Captioned web image data:
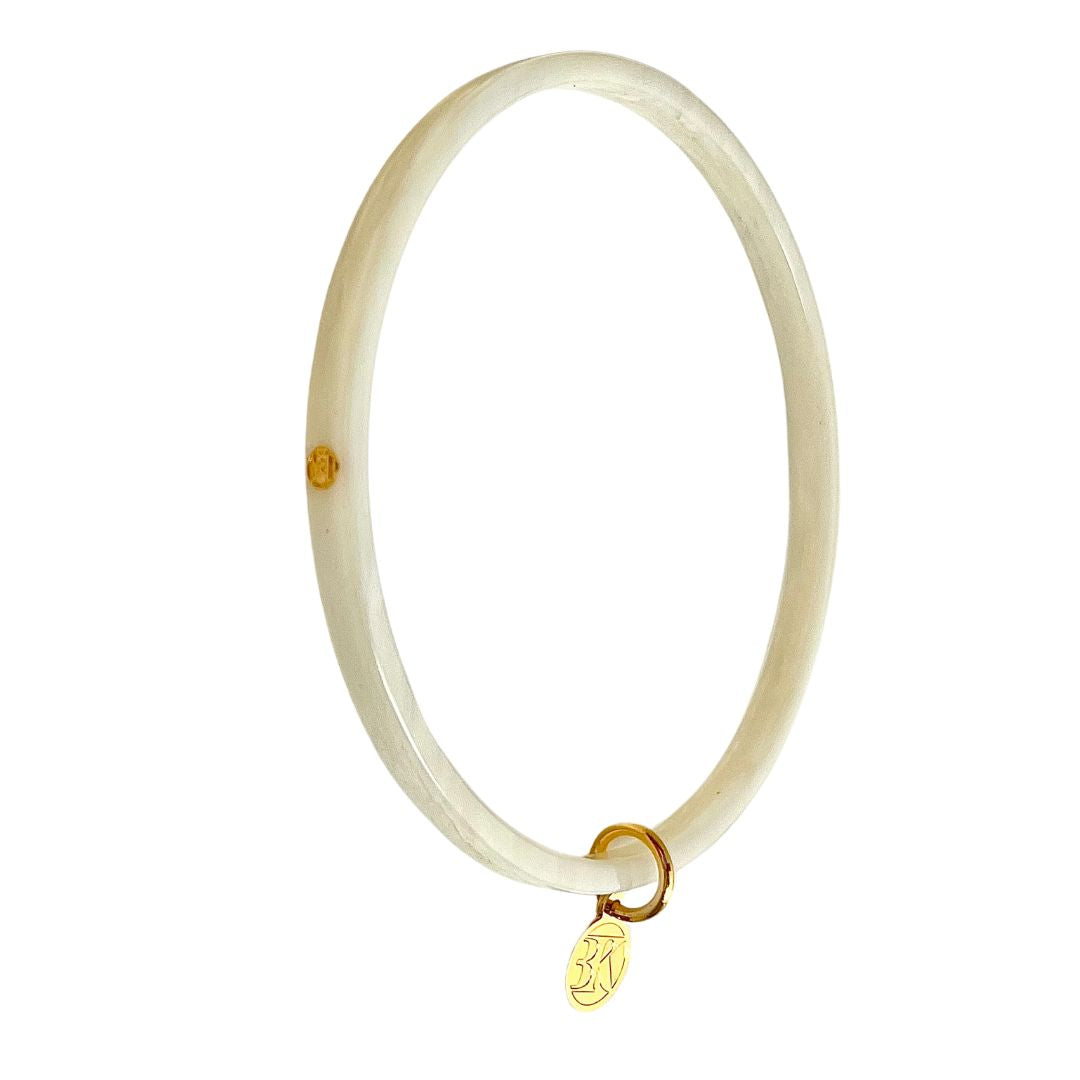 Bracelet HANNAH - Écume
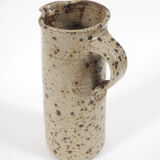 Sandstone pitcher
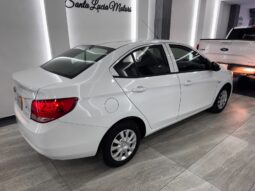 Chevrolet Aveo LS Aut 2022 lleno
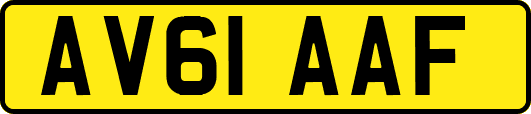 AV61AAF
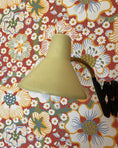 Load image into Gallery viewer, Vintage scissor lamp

TASK DIRECTIONS: Return a verbatim transcription of the data, omitting all images.

SOLUTION TO THIS PROBLEM:
 Bracelet HANNAH - Écume
 Sandstone pitcher
 Chevrolet Aveo LS Aut 2022 lleno
 AV61AAF
 Load image into Gallery viewer, Vintage scissor lamp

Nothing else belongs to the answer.